*** The data ***

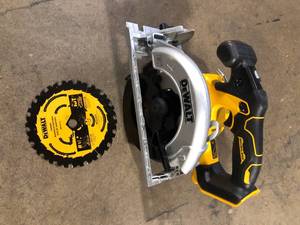 lot 23 image: DEWALT 20V MAX Cordless Brushless 6-12 in. Sidewinder Style Circular Saw (Tool Only)     Customer Returns See Pictures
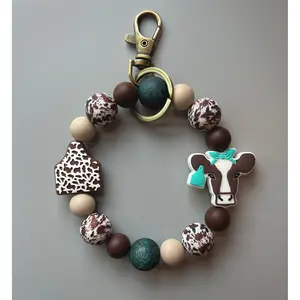 Turquoise Tooled Leather Brown Cow Wristlet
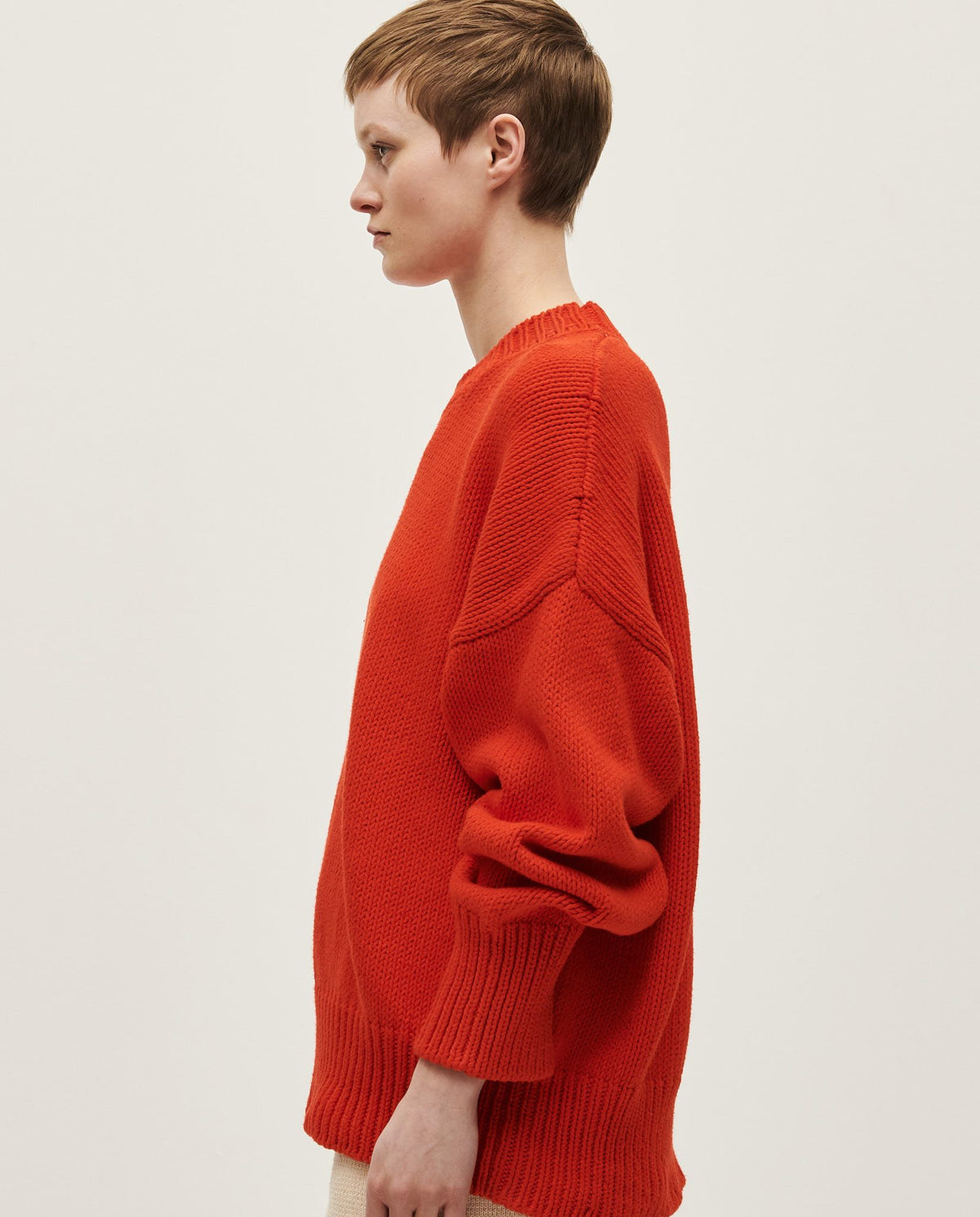 Woman wearing Babaà Jumper No16 Summer Flame, featuring a vibrant flame-colored knit sweater with a relaxed fit.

***

◆ **Your assignment**: Without including any pictures, copy every line above exactly.

◆ **Result below**:
 lot 23 image: DEWALT 20V MAX Cordless Brushless 6-12 in. Sidewinder Style Circular Saw (Tool Only)     Customer Returns See Pictures
 Turquoise Tooled Leather Brown Cow Wristlet
 Woman wearing Babaà Jumper No16 Summer Flame, featuring a vibrant flame-colored knit sweater with a relaxed fit.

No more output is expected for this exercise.